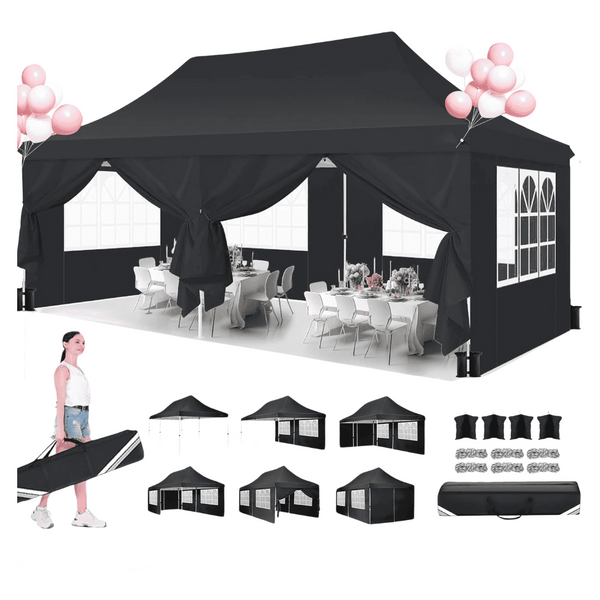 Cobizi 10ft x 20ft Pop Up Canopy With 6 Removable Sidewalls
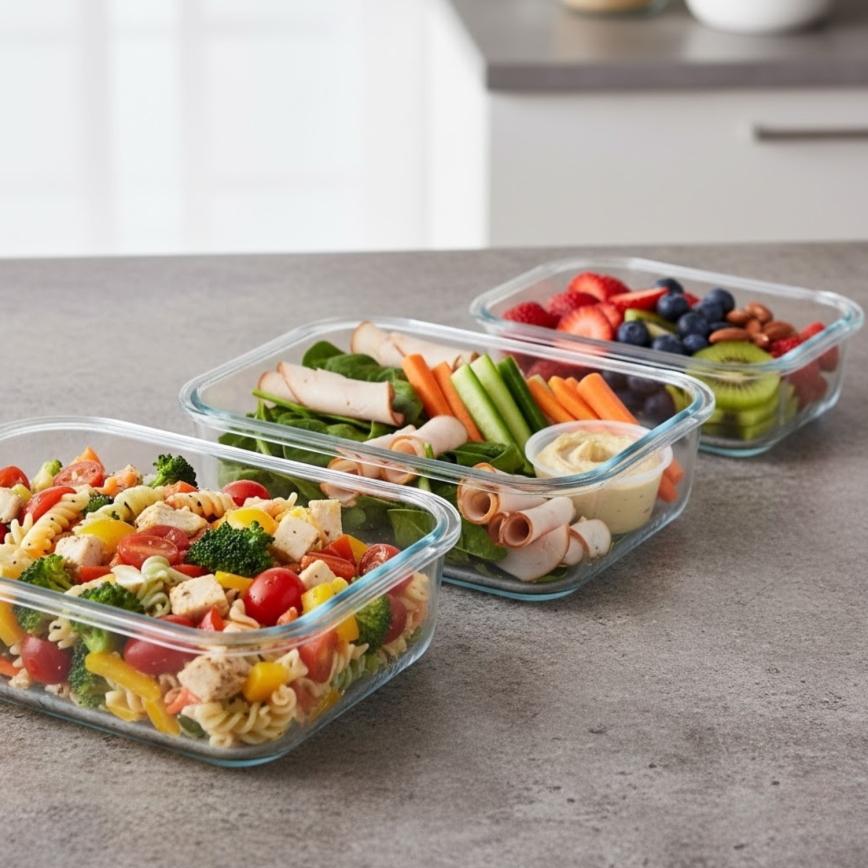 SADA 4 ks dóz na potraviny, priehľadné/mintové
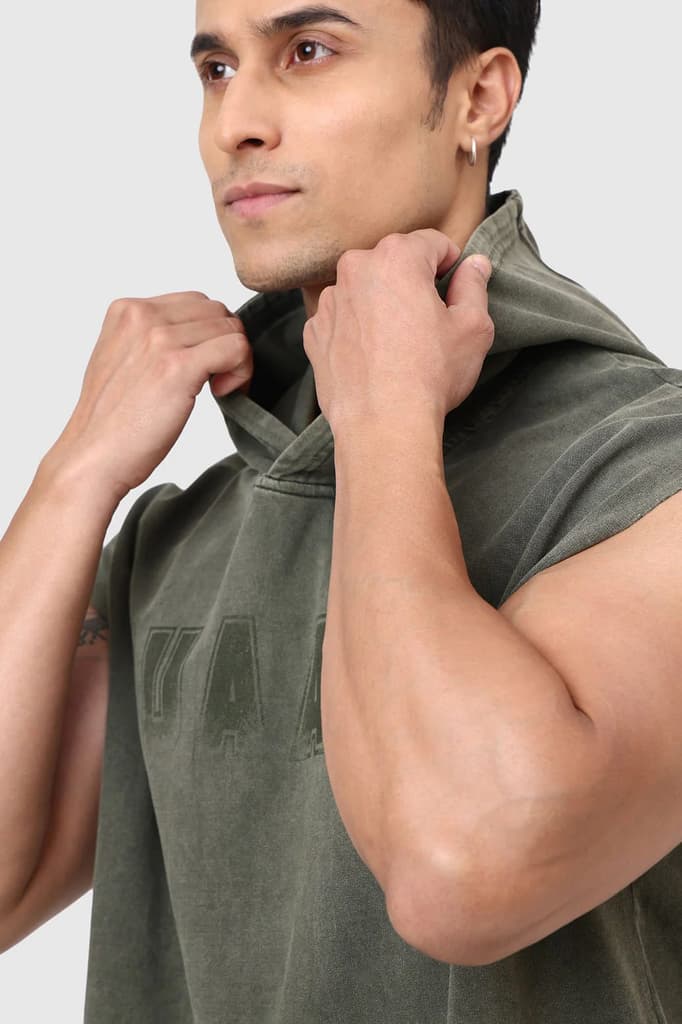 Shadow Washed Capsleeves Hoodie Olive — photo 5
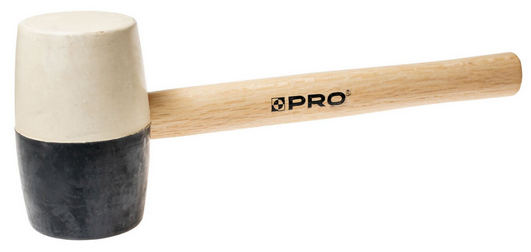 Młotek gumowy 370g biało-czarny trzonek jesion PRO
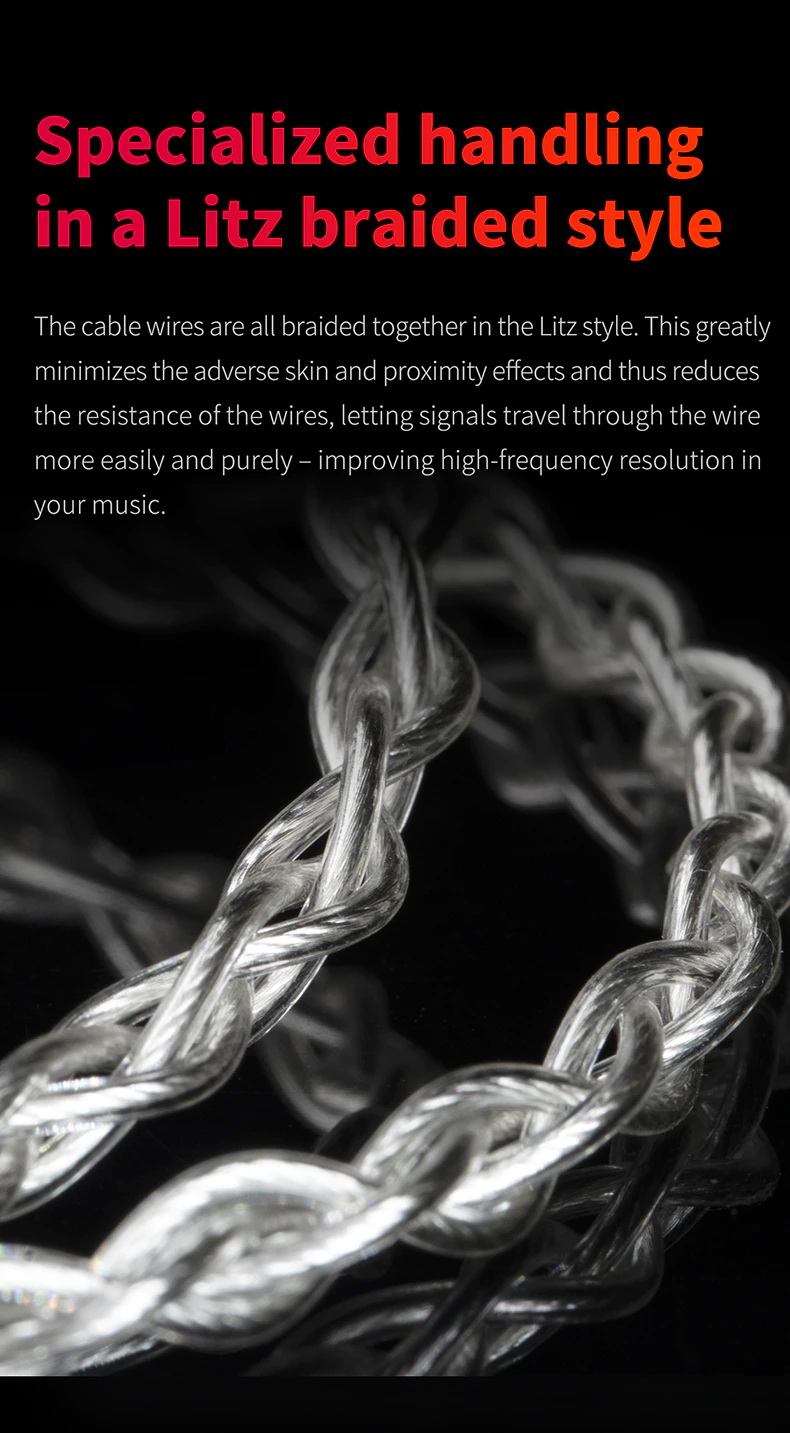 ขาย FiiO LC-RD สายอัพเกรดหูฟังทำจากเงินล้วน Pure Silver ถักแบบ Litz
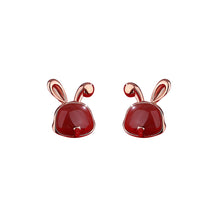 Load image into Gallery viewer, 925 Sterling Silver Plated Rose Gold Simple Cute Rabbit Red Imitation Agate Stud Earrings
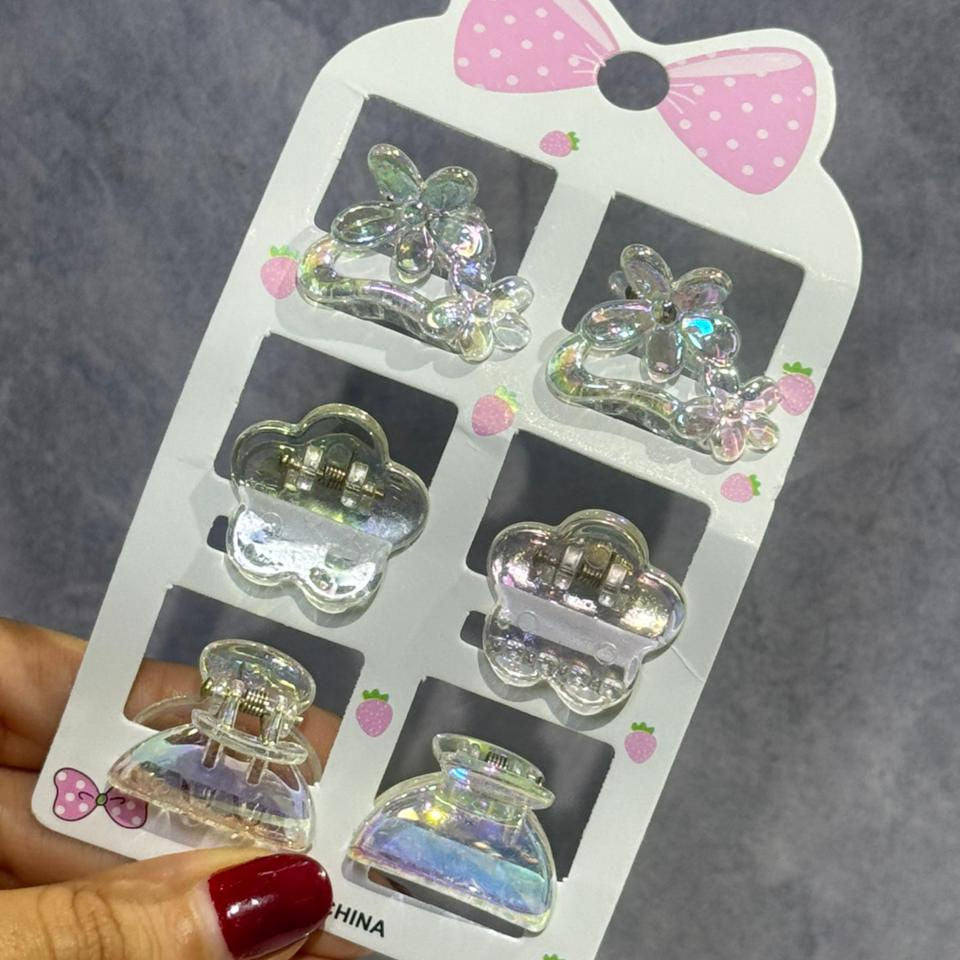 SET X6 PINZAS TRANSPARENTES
====================
[EXERCISE OBJECTIVE]
Nothing but the pictures may be dropped; restate the material word for word.

[RESPONSE]
 Cobizi 10ft x 20ft Pop Up Canopy With 6 Removable Sidewalls
 SADA 4 ks dóz na potraviny, priehľadné/mintové
 Shadow Washed Capsleeves Hoodie Olive — photo 5
 Młotek gumowy 370g biało-czarny trzonek jesion PRO
 ขาย FiiO LC-RD สายอัพเกรดหูฟังทำจากเงินล้วน Pure Silver ถักแบบ Litz
 Load image into Gallery viewer, 925 Sterling Silver Plated Rose Gold Simple Cute Rabbit Red Imitation Agate Stud Earrings
 SET X6 PINZAS TRANSPARENTES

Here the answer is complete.